** RECORDS FOR PROCESSING follows **

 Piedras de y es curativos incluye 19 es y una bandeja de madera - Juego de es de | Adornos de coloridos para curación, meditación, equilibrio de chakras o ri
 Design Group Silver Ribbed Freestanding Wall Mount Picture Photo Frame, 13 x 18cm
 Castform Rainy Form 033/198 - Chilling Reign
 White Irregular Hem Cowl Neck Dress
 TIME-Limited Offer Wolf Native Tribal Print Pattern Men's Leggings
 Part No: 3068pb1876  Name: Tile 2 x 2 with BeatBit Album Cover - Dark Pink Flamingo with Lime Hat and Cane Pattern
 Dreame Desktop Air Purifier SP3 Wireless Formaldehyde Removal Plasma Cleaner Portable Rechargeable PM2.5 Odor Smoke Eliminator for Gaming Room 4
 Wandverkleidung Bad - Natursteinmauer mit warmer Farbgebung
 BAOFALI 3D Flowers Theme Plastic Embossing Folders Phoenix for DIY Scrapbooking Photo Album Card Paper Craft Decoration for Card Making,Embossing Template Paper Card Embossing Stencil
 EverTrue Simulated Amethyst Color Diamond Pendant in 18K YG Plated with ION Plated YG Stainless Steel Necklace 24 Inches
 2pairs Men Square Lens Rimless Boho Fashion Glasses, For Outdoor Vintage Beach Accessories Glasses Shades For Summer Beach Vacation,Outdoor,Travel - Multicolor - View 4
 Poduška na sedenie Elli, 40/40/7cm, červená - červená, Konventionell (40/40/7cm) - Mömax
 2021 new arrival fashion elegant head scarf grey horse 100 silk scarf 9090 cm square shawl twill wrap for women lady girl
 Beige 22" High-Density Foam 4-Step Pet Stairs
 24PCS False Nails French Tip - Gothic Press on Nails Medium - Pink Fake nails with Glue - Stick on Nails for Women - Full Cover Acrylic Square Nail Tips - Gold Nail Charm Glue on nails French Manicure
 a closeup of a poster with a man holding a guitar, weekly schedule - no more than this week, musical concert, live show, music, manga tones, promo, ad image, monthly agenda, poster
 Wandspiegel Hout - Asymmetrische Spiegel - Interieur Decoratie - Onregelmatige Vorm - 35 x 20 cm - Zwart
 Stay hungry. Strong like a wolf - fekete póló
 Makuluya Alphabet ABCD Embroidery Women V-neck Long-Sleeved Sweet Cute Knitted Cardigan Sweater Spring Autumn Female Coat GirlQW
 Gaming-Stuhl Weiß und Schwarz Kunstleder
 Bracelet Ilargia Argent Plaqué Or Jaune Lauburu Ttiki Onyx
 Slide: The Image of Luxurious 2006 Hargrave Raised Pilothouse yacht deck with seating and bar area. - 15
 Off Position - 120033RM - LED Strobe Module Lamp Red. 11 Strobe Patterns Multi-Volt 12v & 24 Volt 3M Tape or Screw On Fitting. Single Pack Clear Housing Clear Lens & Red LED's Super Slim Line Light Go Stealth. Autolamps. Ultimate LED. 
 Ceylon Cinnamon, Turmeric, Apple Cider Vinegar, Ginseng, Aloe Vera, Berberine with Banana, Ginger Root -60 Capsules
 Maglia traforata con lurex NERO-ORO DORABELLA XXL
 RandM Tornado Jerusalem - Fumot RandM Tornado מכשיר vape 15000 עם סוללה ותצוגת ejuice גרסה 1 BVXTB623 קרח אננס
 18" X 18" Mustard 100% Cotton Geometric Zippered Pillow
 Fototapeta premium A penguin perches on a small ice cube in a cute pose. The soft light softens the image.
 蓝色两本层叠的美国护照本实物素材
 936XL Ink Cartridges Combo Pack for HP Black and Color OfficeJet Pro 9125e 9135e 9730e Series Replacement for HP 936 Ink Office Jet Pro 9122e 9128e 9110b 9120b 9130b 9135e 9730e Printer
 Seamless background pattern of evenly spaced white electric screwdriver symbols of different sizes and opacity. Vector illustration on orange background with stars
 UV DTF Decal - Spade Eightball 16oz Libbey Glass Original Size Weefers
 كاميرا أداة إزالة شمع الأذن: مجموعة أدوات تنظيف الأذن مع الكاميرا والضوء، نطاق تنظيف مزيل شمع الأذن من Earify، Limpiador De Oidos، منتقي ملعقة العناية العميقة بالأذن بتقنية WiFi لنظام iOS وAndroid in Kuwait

** End of RECORDS FOR PROCESSING **

## ACTIVITY
The records above are to be given again in full, exactly as written.

## YOUR RESPONSE
 Piedras de y es curativos incluye 19 es y una bandeja de madera - Juego de es de | Adornos de coloridos para curación, meditación, equilibrio de chakras o ri
 Design Group Silver Ribbed Freestanding Wall Mount Picture Photo Frame, 13 x 18cm
 Castform Rainy Form 033/198 - Chilling Reign
 White Irregular Hem Cowl Neck Dress
 TIME-Limited Offer Wolf Native Tribal Print Pattern Men's Leggings
 Part No: 3068pb1876  Name: Tile 2 x 2 with BeatBit Album Cover - Dark Pink Flamingo with Lime Hat and Cane Pattern
 Dreame Desktop Air Purifier SP3 Wireless Formaldehyde Removal Plasma Cleaner Portable Rechargeable PM2.5 Odor Smoke Eliminator for Gaming Room 4
 Wandverkleidung Bad - Natursteinmauer mit warmer Farbgebung
 BAOFALI 3D Flowers Theme Plastic Embossing Folders Phoenix for DIY Scrapbooking Photo Album Card Paper Craft Decoration for Card Making,Embossing Template Paper Card Embossing Stencil
 EverTrue Simulated Amethyst Color Diamond Pendant in 18K YG Plated with ION Plated YG Stainless Steel Necklace 24 Inches
 2pairs Men Square Lens Rimless Boho Fashion Glasses, For Outdoor Vintage Beach Accessories Glasses Shades For Summer Beach Vacation,Outdoor,Travel - Multicolor - View 4
 Poduška na sedenie Elli, 40/40/7cm, červená - červená, Konventionell (40/40/7cm) - Mömax
 2021 new arrival fashion elegant head scarf grey horse 100 silk scarf 9090 cm square shawl twill wrap for women lady girl
 Beige 22" High-Density Foam 4-Step Pet Stairs
 24PCS False Nails French Tip - Gothic Press on Nails Medium - Pink Fake nails with Glue - Stick on Nails for Women - Full Cover Acrylic Square Nail Tips - Gold Nail Charm Glue on nails French Manicure
 a closeup of a poster with a man holding a guitar, weekly schedule - no more than this week, musical concert, live show, music, manga tones, promo, ad image, monthly agenda, poster
 Wandspiegel Hout - Asymmetrische Spiegel - Interieur Decoratie - Onregelmatige Vorm - 35 x 20 cm - Zwart
 Stay hungry. Strong like a wolf - fekete póló
 Makuluya Alphabet ABCD Embroidery Women V-neck Long-Sleeved Sweet Cute Knitted Cardigan Sweater Spring Autumn Female Coat GirlQW
 Gaming-Stuhl Weiß und Schwarz Kunstleder
 Bracelet Ilargia Argent Plaqué Or Jaune Lauburu Ttiki Onyx
 Slide: The Image of Luxurious 2006 Hargrave Raised Pilothouse yacht deck with seating and bar area. - 15
 Off Position - 120033RM - LED Strobe Module Lamp Red. 11 Strobe Patterns Multi-Volt 12v & 24 Volt 3M Tape or Screw On Fitting. Single Pack Clear Housing Clear Lens & Red LED's Super Slim Line Light Go Stealth. Autolamps. Ultimate LED. 
 Ceylon Cinnamon, Turmeric, Apple Cider Vinegar, Ginseng, Aloe Vera, Berberine with Banana, Ginger Root -60 Capsules
 Maglia traforata con lurex NERO-ORO DORABELLA XXL
 RandM Tornado Jerusalem - Fumot RandM Tornado מכשיר vape 15000 עם סוללה ותצוגת ejuice גרסה 1 BVXTB623 קרח אננס
 18" X 18" Mustard 100% Cotton Geometric Zippered Pillow
 Fototapeta premium A penguin perches on a small ice cube in a cute pose. The soft light softens the image.
 蓝色两本层叠的美国护照本实物素材
 936XL Ink Cartridges Combo Pack for HP Black and Color OfficeJet Pro 9125e 9135e 9730e Series Replacement for HP 936 Ink Office Jet Pro 9122e 9128e 9110b 9120b 9130b 9135e 9730e Printer
 Seamless background pattern of evenly spaced white electric screwdriver symbols of different sizes and opacity. Vector illustration on orange background with stars
 UV DTF Decal - Spade Eightball 16oz Libbey Glass Original Size Weefers
 كاميرا أداة إزالة شمع الأذن: مجموعة أدوات تنظيف الأذن مع الكاميرا والضوء، نطاق تنظيف مزيل شمع الأذن من Earify، Limpiador De Oidos، منتقي ملعقة العناية العميقة بالأذن بتقنية WiFi لنظام iOS وAndroid in Kuwait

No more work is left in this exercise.